TV Land recently aired a planted spinoff of its hit Hot in Cleveland, Cedric the Entertainer's The Soul Man. TV Land's determination to live in yestercentury's sitcom world makes it hard to take this as any kind of evidence of today's reality (also: Soul Man totally bombed in the ratings). And yet, as CBS's hits move closer to the end of their runs (particularly HIMYM, which has, at most, one more season left), we wouldn't be surprised if the idea of a spinoff gets some serious consideration. After all, these shows may end up being the last in a generation of mass-appeal comedy hits: Newer success stories such as New Girl and 2 Broke Girls are actually losing viewers in their second season and probably won't end up anywhere near as popular as their predecessors, even in key demo groups.
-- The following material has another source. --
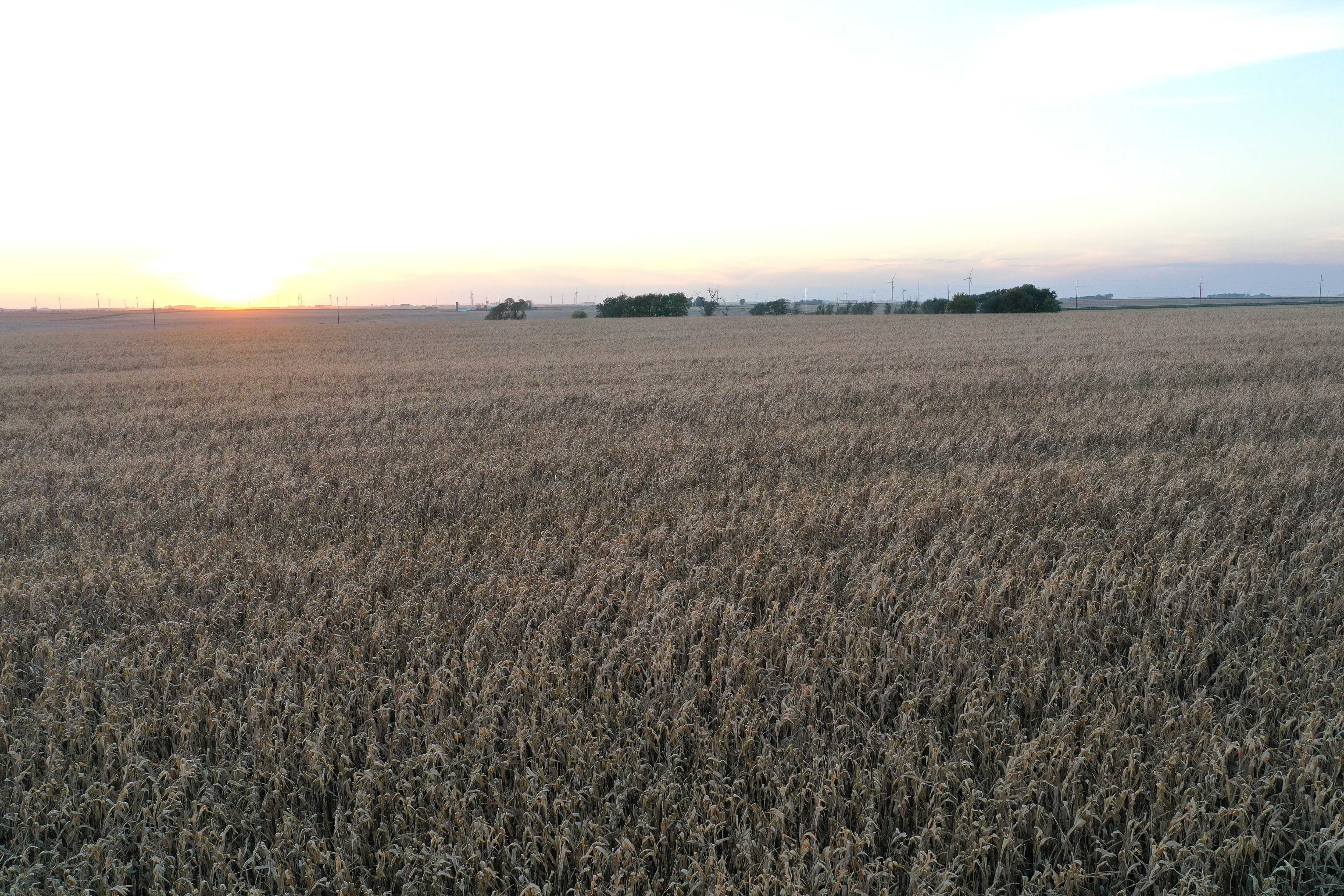 Listing Photo: DJI_0591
With Comedy Central, Adult Swim, FX, and Internet channels allowing for a greater niche-ification of comedy — Tosh.0 and South Park draw more young men than most network comedies — it might actually make sense for programmers to start trying to find a way to extend the lifespans of their last remaining Big Comedy Hits, before they completely go away. Start jockeying CBS executives, Angus T. Jones: It may not be too late to pitch Half Man.